Phase I Study of an Oral Histone Deacetylase Inhibitor, Suberoylanilide Hydroxamic Acid, in Patients With Advanced Cancer

Cornell University, Итак, New York, United States
Journal of Clinical Oncology (Impact Factor: 18.43). 07/2005; 23(17):3923-31. DOI: 10.1200/JCO.2005.14.167
Source: PubMed


To determine the safety, dosing schedules, pharmacokinetic profile, and biologic effect of orally administered histone deacetylase inhibitor suberoylanilide hydroxamic acid (SAHA) in patients with advanced cancer.

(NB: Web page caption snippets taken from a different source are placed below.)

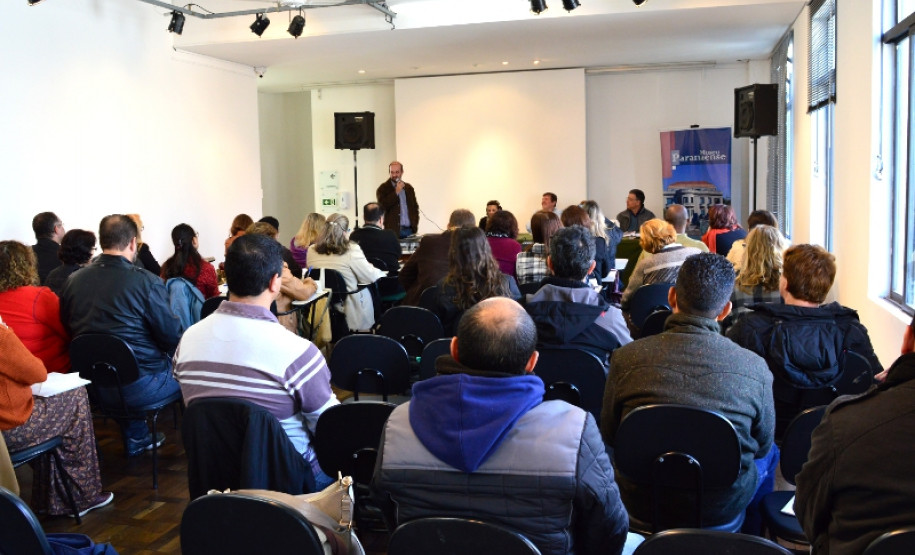 Os professores da disciplina de História da rede pública estadual de ensino ganharam uma nova ferramenta para trabalhar o patrimônio cultural e histórico do Paraná em sala de aula. A Secretaria de Estado da Educação, em parceria com a Secretaria de Estado da Cultura, iniciou nesta terça-feira (3) o curso “Diálogo sobre a História e a importância da educação patrimonial de Curitiba” aos docentes da Capital. O projeto pode ser expandido a outras regiões do Estado.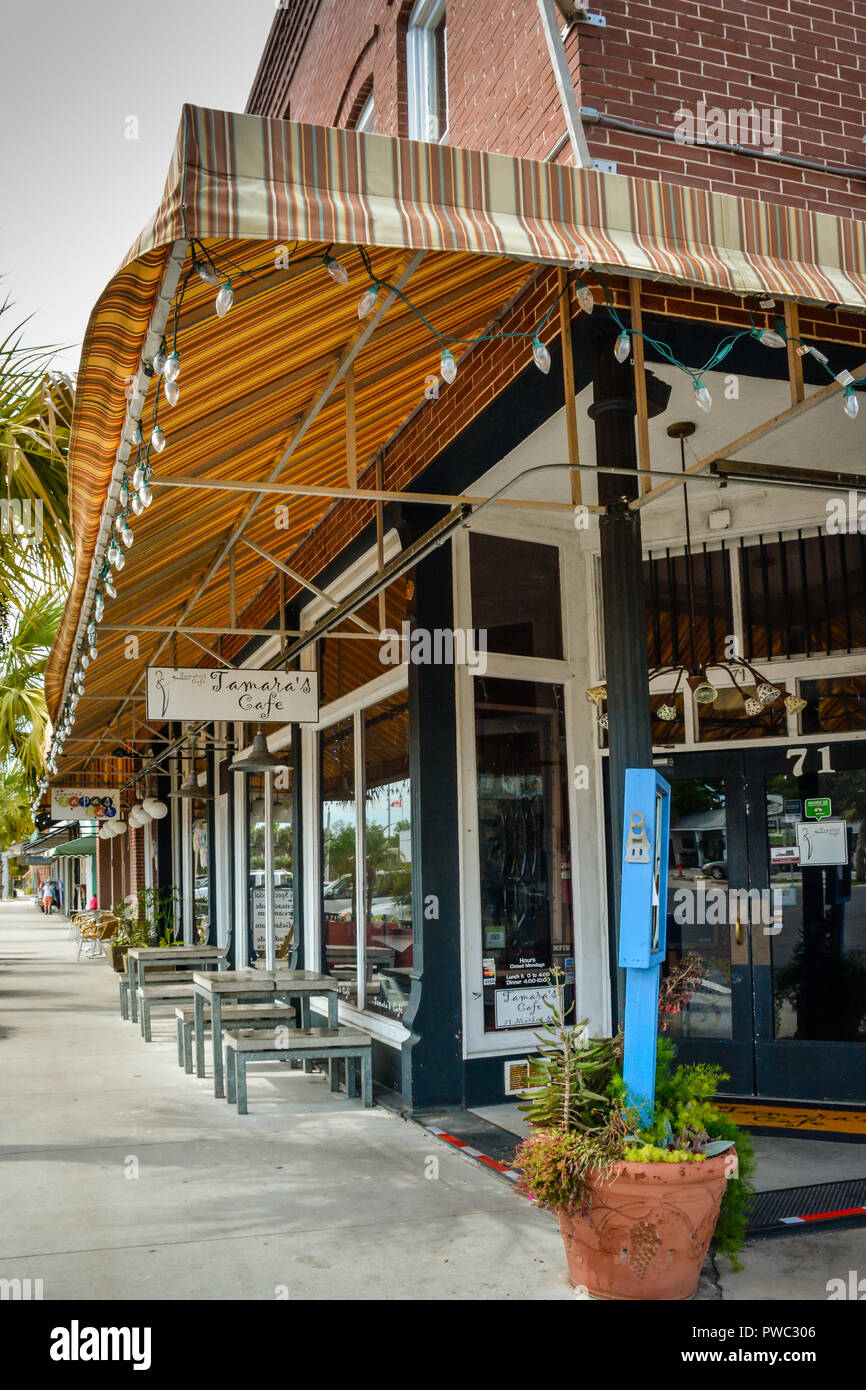 Die kleine Stadt von Apalachicola im Florida Panhandle bietet viele Restaurants & Shopping im kulturellen Stil der alten Florida, urig und charmant. Stockfoto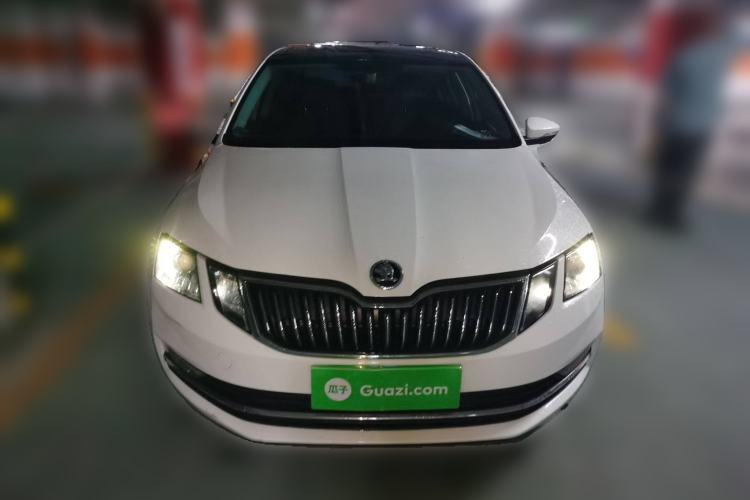 Used Skoda Octavia 2020 TSI230 DSG SmartDrive Luxury Edition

Patients with solid and hematologic malignancies were treated with oral SAHA administered once or twice a day on a continuous basis or twice daily for 3 consecutive days per week. Pharmacokinetic profile and bioavailibity of oral SAHA were determined. Western blots and enzyme-linked immunosorbent assays of histones isolated from peripheral-blood mononuclear cells (PBMNCs) pre and post-therapy were performed to evaluate target inhibition.
Seventy-three patients were treated with oral SAHA and major dose-limiting toxicities were anorexia, dehydration, diarrhea, and fatigue. The maximum tolerated dose was 400 mg qd and 200 mg bid for continuous daily dosing and 300 mg bid for 3 consecutive days per week dosing. Oral SAHA had linear pharmacokinetics from 200 to 600 mg, with an apparent half-life ranging from 91 to 127 minutes and 43% oral bioavailability. Histones isolated from PBMNCs showed consistent accumulation of acetylated histones post-therapy, and enzyme-linked immunosorbent assay demonstrated a trend towards a dose-dependent accumulation of acetylated histones from 200 to 600 mg of oral SAHA. There was one complete response, three partial responses, two unconfirmed partial responses, and 22 (30%) patients remained on study for 4 to 37+ months.
Oral SAHA has linear pharmacokinetics and good bioavailability, inhibits histone deacetylase activity in PBMNCs, can be safely administered chronically, and has a broad range of antitumor activity.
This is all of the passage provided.